JetBlue, notes Beal, “has received praise from some CRM analysts for its approach to customer service. It has also earned CRM accolades for its early use of at-home agents, allowing service representatives to take reservations at home. JetBlue operates a call center in Salt Lake City, Utah, with 1,500 agents working from their homes, backed up by 500 people in a central location. However, in the wake of the storm and the subsequent cancellations, the center was overwhelmed.”
The result, of course, was folks waiting on the telephone for assistance for an hour or more, the CRM equivalent of having to spend ten hours in an airplane on the runway or twenty-four hours in an airport.
Well publicized was Neeleman’s announcement posted on the JetBlue website, in which he, King John-like, proclaimed a customer Magna Charta … um, customer bill of rights. In hard cash terms, JetBlue promises to repay inconvenienced customers vouchers for up to the full ticket price.
Over at SearchCRM, CRM consultancy 56 Group LLC president Paul Greenberg compliments Neeleman and co. for doing exactly the right thing. “[JetBlue’s] proactive attempt to create a JetBlue-specific passenger bill of rights is a good sign […] because they are institutionalizing the solution that is likely to best work for their customers in advance of future problems.”
“One bad experience washes away a lot of good ones, and in this case, we are seeing what airline CRM is like,” Denis Pombriant, managing principal of Beagle Research, kicked in. “In airline CRM you get all the buzzwords and none of the follow-through.” Even more effusive was at least one crisis management expert quoted in The Globe and Mail.

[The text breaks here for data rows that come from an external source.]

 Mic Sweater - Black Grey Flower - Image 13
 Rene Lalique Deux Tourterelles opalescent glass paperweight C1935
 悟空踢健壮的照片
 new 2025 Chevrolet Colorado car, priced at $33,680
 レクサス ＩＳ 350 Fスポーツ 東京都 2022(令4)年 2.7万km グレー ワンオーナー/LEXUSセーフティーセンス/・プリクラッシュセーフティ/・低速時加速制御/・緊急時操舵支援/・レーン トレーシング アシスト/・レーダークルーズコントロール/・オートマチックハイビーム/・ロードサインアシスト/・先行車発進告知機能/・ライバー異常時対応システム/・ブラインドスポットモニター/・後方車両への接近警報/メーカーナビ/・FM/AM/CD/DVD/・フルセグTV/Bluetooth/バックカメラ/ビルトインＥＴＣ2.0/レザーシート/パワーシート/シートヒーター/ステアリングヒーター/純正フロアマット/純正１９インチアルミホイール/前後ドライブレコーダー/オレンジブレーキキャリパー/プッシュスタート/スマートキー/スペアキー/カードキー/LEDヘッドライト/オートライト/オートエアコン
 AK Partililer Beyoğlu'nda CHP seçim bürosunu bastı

Thanks to the “blizzard of mea culpas,” reads the piece, “crisis management experts said JetBlue is making all the right moves after its initial blunders.” NYU Leonard N. Stern School of Business management communications program director Irv Schenkler emphatically stated that JetBlue had proven themselves “100 miles an hour ahead of the typical corporate response to crises in the United States.”